The thinking behind those statements is two-fold.
The first half says, “Until X happens, this present effort/accomplishment doesn’t matter.”
The second says, “I’m invalid until I prove to myself otherwise.”
To the first I say: Horsecrap. Good day, sir. You will never have another chance to live the current date. Do not diminish the value of the present.
To the second, I would like to point out the absurdity of chasing personal value in performance. As someone who used to live, breathe, and almost die based on his performance, I cannot imagine a more fickle and potentially destructive measurement of self-worth.
Sure, it’s great for getting stuff done — but that’s about it. Every time you make a decision based on how well you are performing, you are setting yourself up for perfectionist, workaholic tendencies that will swallow you whole if you don’t stop.
So as tempting as it may be to measure your value as a person against your bank account or latest accomplishment, don’t do it. Trust me.
Enjoy the now, spontaneously make memories, and don’t hold other people to this broken mentality.
Job titles mean nothing about someone’s personality.
I used to think that a person’s title was reflective of their ability to lead others well, initiate meaningful conversations, and organize components to meet a goal.
I was pretty darn wrong about that on all accounts.
Long story short, in college I had some great bosses; some pretty awful bosses, and some that were so bad I couldn’t understand how they got the job they had.
One of the awful ones had a pretty high-ranking title, big window adorned office (you know, so everyone could see what a great person they were — duh!), and layers of management around them.
Problem was, they couldn’t take input to save their life.
Their ineptitude eventually culminated to a point where another branch of the university indirectly asked what the hell was happening to preclude such terrible decisions made by the department I worked for.
The more jobs I worked, the more I realized that people’s personalities always take precedent over their titles, not the other way around.
Which, when I think about it, makes a lot of sense. People aren’t hired for their skills alone, they are hired for a multitude of factors.
How well someone works in teams, their ability to relay important information, and their emotional maturity in response to stress — these are pretty large factors that you don’t get a certificate for.
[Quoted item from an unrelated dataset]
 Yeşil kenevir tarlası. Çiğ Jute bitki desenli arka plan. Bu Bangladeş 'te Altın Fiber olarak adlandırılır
Life has few correct answers, so consult the experience of those who’ve gone before you.
Hopefully I haven’t left a smoking crater where your self-worth previously stood (if so, I apologize and I hope that it is rebuilt very quickly and in a much more secure place).
So what the heck do is there to do now?
If I were to identify the biggest thing I learned for free while going to college it is this: Perspective is powerful.
The way you perceive identity, your value, and your life is one of the most significant things you can acknowledge. Your worldview is the proverbial lens through which you see the world — and how you look at it will impact everything about you.
Seek out a mentor who will always give you genuine, contrasting perspective.
Although I didn’t realize it immediately at the time, my college pastor gave me more advice than I ever asked for — even some I didn’t ask for. His intentionality in building me up and offering his wisdom to me with no punches pulled helped make me a better man.
Whether you go on to become a CEO of a Fortune 500 company (good job, by the way!) or work multiple part-time seasonal jobs for what feels like way too long, always have people in your life who will willingly offer a second perspective.
Ideally a mentor is ten or more years older than you and have already passed the stage in life that you are currently experiencing. There’s no website or quick route to success for this, because finding a mentor is about relationship.
Relationships take time, and that’s okay.
Take the time, invest into other people, and enjoy the ride. There are no U-turns.
Enjoy the down-time till midterms, only four more months till Winter break!